▶ [PROBLEM DESCRIPTION] Output the data below exactly, without images.

▶ [DATASET EXTRACT]
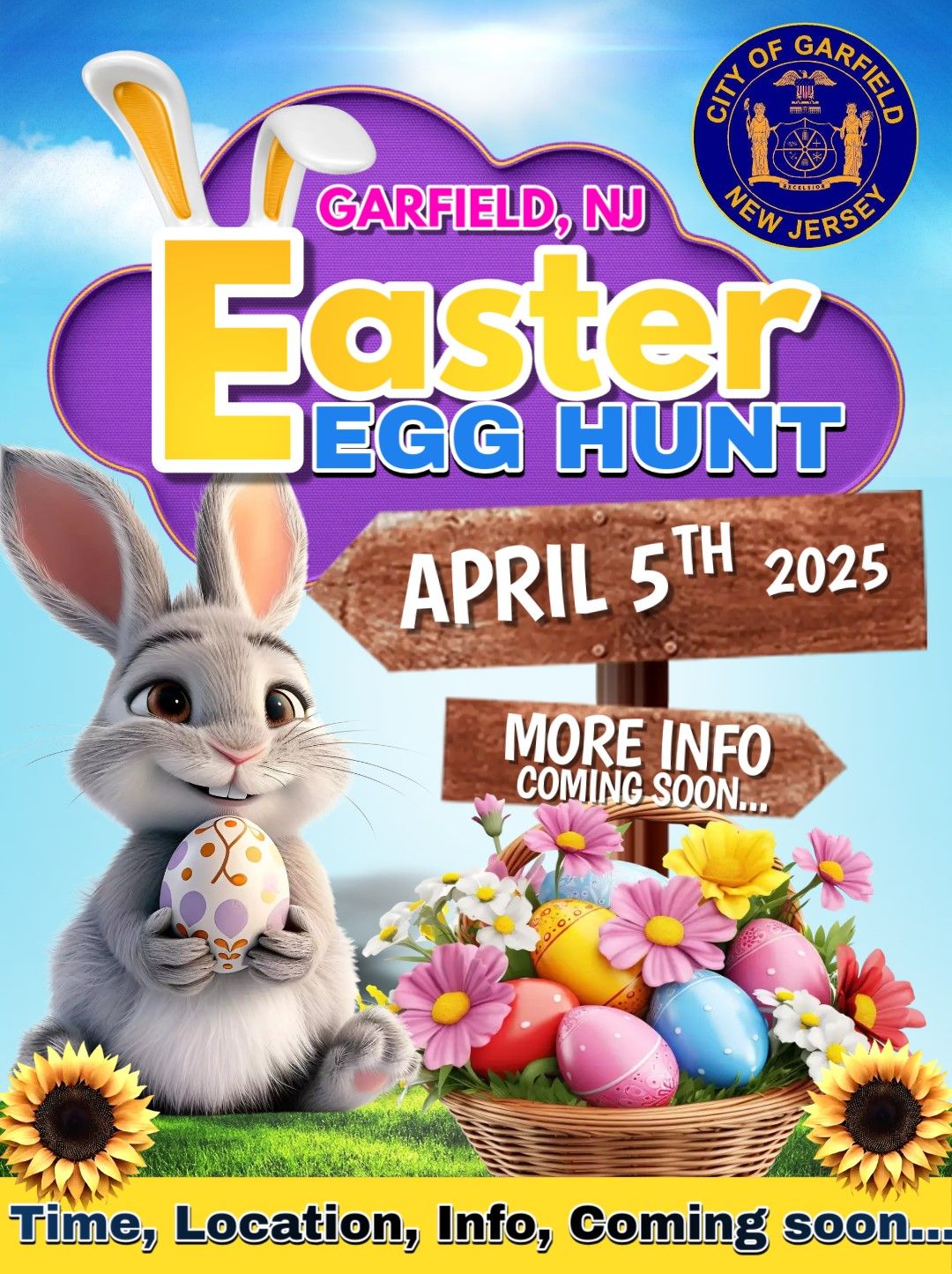 Garfield NJ Easter Egg Hunt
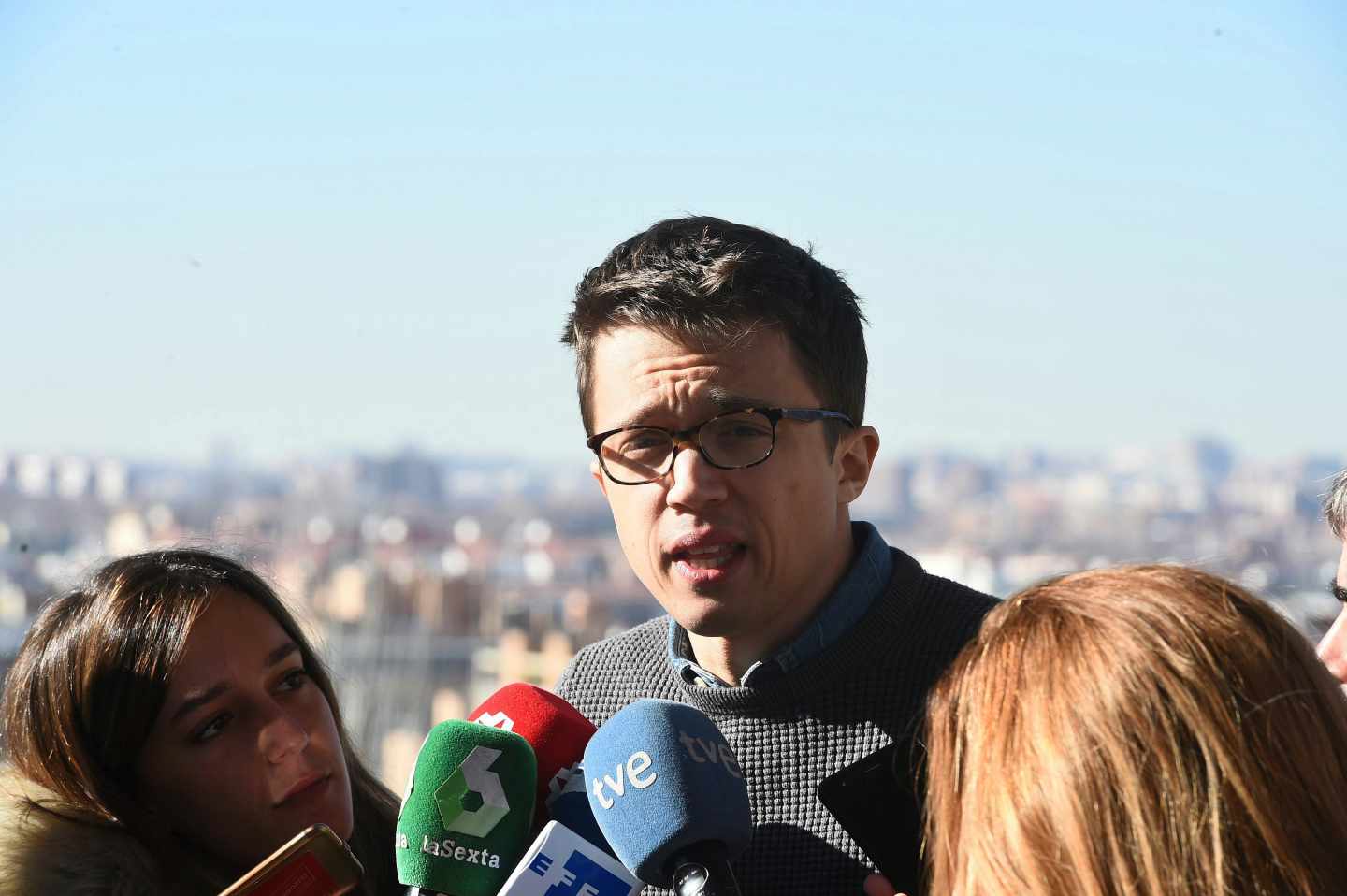 Íñigo Errejón: "Pedir ministerios no ha salido nunca bien"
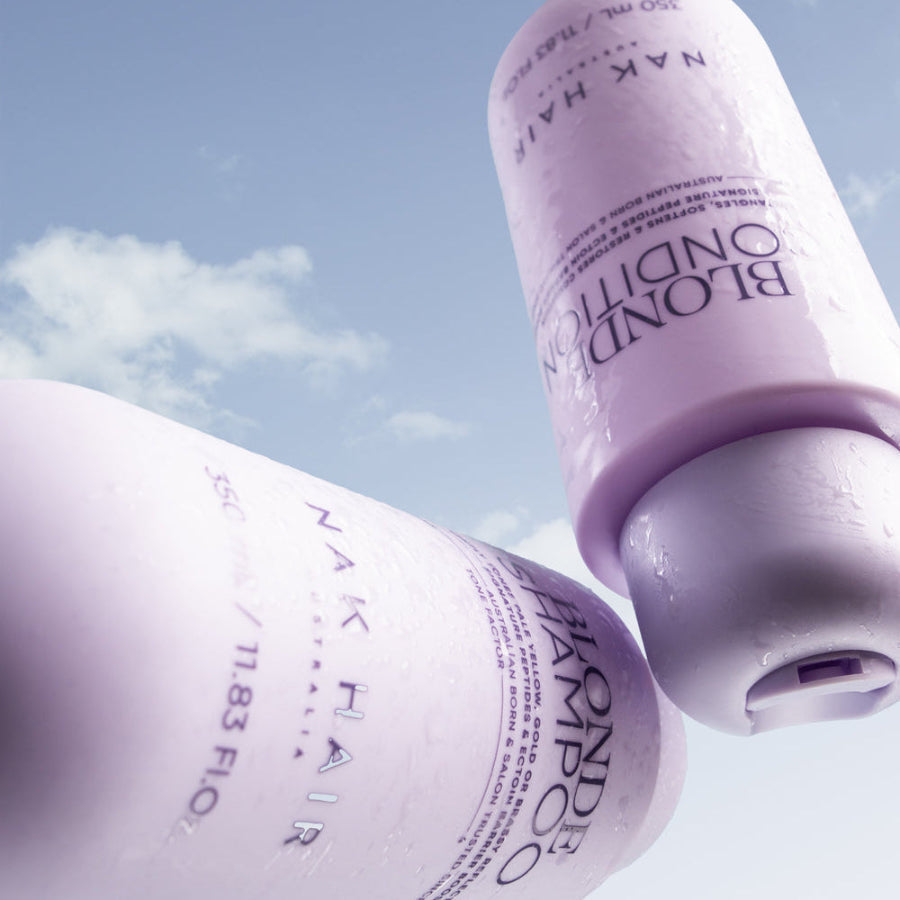 Nak Signature Blonde Shampoo and Conditioner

▶ [WRITTEN ANSWER]
 Garfield NJ Easter Egg Hunt
 Íñigo Errejón: "Pedir ministerios no ha salido nunca bien"
 Nak Signature Blonde Shampoo and Conditioner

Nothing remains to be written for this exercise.